This video was absolutely amazing!
Also giving yourself a rating of 0.05 after spending 500 hrs on a topic is crazy(Not that I would know, because I am about a 0.0005 according to this scale)
Waiting eagerly for the next one!
Thank you so much! the scale was more to indicate how much I don't know(yet)😃
Have already started working on Part 2 of Stable Diffusion Video so that should soon be out.
Great video thank you ! Some maths would need more explanation though such as at 12:59 where you assume espilon(t), epsilon(t-1),...,espilon(0) are all the same and factorize by a new term named espilon.
Thanks! and I agree with you. In hindsight if I made the video again, I think it would be over an hour long atleast, because there are few aspects that I now think I could/should have gone in more detail.
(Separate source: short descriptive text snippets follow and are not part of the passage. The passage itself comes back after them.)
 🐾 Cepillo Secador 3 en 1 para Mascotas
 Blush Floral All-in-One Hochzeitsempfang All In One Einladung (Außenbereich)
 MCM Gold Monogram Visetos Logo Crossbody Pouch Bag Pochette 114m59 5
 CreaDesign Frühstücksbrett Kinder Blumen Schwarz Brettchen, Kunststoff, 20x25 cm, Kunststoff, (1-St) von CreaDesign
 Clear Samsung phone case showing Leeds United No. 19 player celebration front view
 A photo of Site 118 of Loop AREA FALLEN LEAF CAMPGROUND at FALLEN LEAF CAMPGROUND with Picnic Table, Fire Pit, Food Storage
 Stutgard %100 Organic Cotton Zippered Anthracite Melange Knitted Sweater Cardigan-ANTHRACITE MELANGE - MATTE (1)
Regarding the epsilon terms, I did talk a bit about this briefly @12:16, where I mention that this can be done because sum of two independent gaussian random variables remains a gaussian with mean and variance being the sum of both the means and variances.
excellent, clear explanation of diffusion
Thank You!
We making it outta the hood with this tutorial🗣🔥💯
Thank you for this fantastic video on DDPMs, it was super helpful. One thing I'm having trouble understanding is the derivation at 12:29, how can we go from the 3rd line to the 4th line on the right side. I mean this part:
sqrt(alpha_t - alpha_t * alpha_{t-1}) * epsilon_{t-1} + sqrt(1 - alpha_t) * episolon_t
...to the next line where we combined these two square roots:
sqrt(1 - alpha_t * alpha_{t-1}) * epsilon
?
In the third line, just view the epsilon terms as samples from gaussian with 0 mean and some variance. So the two epsilon terms in third line is just adding two gaussians. Then we use the fact that sum of two independent gaussians ends up being a gaussian with mean as sum of the two means(which here for both is 0) and variance as sum of the two variances. Which is why we can rewrite it in the 4th line as a sample from a gaussian with 0 mean and variance as sum of the individual variances present in third line. Do Let me know if this clarifies it.
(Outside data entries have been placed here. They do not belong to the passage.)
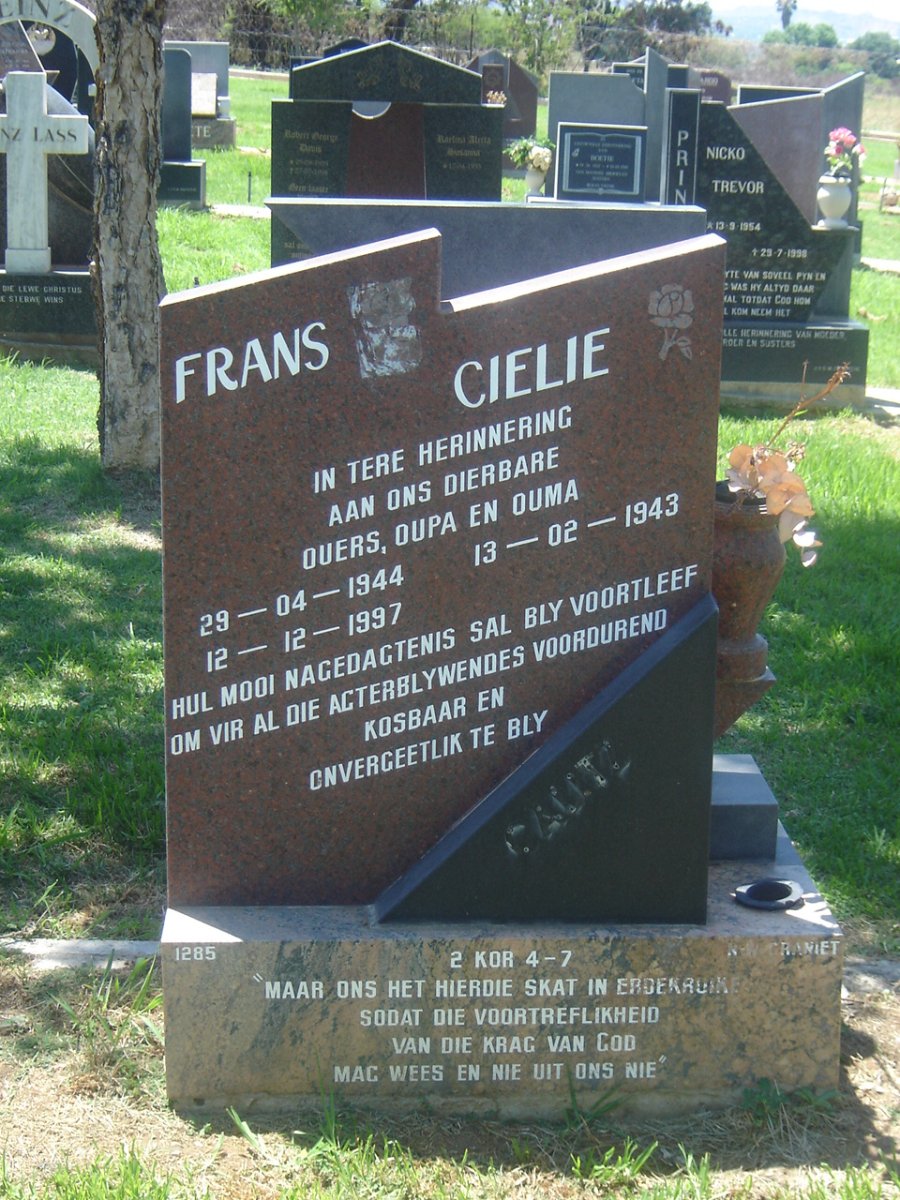 CALITZ Frans 1944-1997 &amp; Cielie 1943-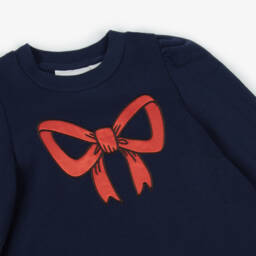 Mini Rodini-Blue Bow Organic Cotton Dress | Childrensalon Outlet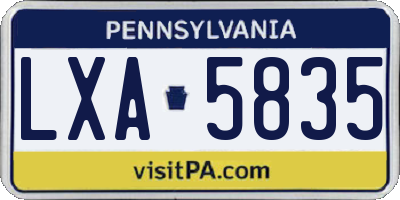 PA license plate LXA5835
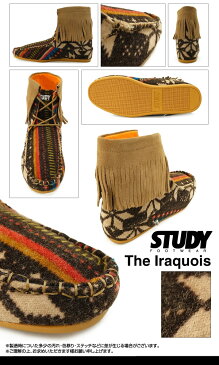 スタディー ザ・イロコイ ハイ ネイティブ フリンジブーツ ブラウン (STUDY THE IRAQUOIS FW1127 レディース 女性用)
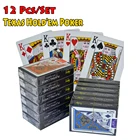 12 шт.компл. 100% Пластик набор игральных карт блэкджек игра карты челнока Пластик прочный вывеска Indoor Board игры казино карты из ПВХ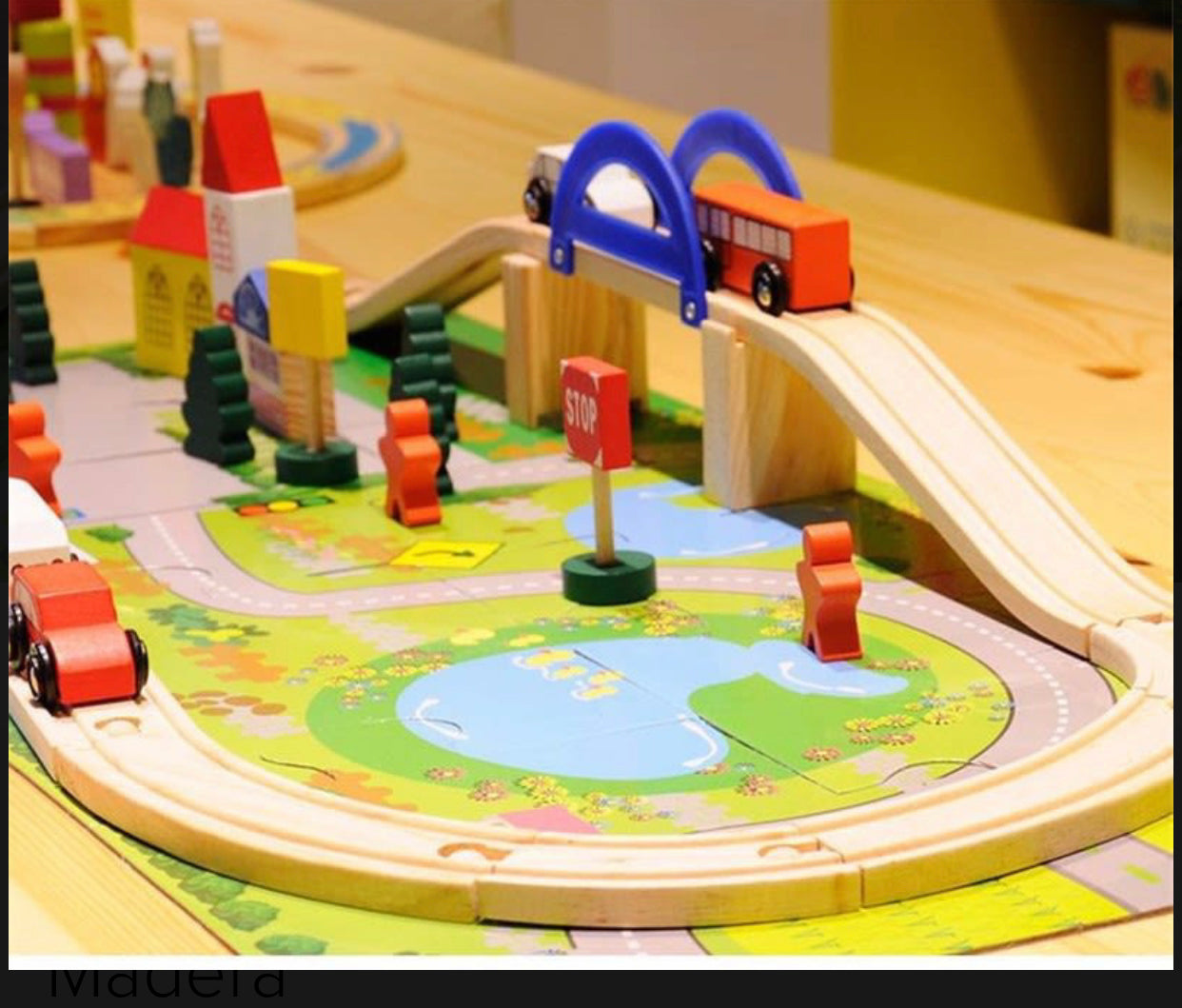 Pistas de autos de madera 40 piezas - Montessorikidschile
@@Explaining-AI yes perfectly! Thank you for the quick response, that makes sense :)
Hey, very helpful video. I'm making a project for our image processing course on diffPIR paper, this video explains everything in sequence. All the bad calculation missed in my paper is explained and with proper intuition very nicely thanks👍
Edit: just one question what about the term E[log(p(x_0|x_1))], what is the idea behind it, does the model minimize it?
Thank you! This term is the reconstruction loss which is similar to what we have in vae's. Here its measure that given a slightly noisy image x1(t=1), how well the model is able to reconstruct the original image x0 from it. In an actual implementation this is minimized together with the summation terms itself. So during training instead of uniformly sampling timesteps from t=2 to t=T(to minimize the summation terms), we sample timesteps from t=1 to t=T, and when t=1 , the model is learning to denoise x1 (rather reconstruct x0 from a noisy x1). The only difference happens during inferencing, where at t=1, we simply return the predicted denoised mean, rather than returning a sample from N(mean, scheduled variance) which we do for t=2 to t=T.
hey good explanantion. At timestep 19:42 aren't the square roots of all Covariance matrices missing. Please correct me if I am wrong.
Thank You! Do you mean that variance should be sqrt(1- alpha_t) ?
If you see the formulation for xt @12:00 then you can see that xt = sqrt(alpha_t) x_(t-1) + sqrt(1- alpha_t)e where e is mean zero and variance 1. Which means sqrt(1- alpha_t)e will have mean 0 and variance (1-alpha_t) which is what is used @19:42
Let me know if I misunderstood your question.
@@Explaining-AI At 28:18 why are we just returning the mean in the last step, is the variance value 0 for timestep t=0
At 4:27 In the definition of the dXt, it is mentioned random mean and zero variance, but at bottom when you do the re-parameterization, N(0, I) is mentioned i.e. zero mean and unity variance. Isn't that different than the defination?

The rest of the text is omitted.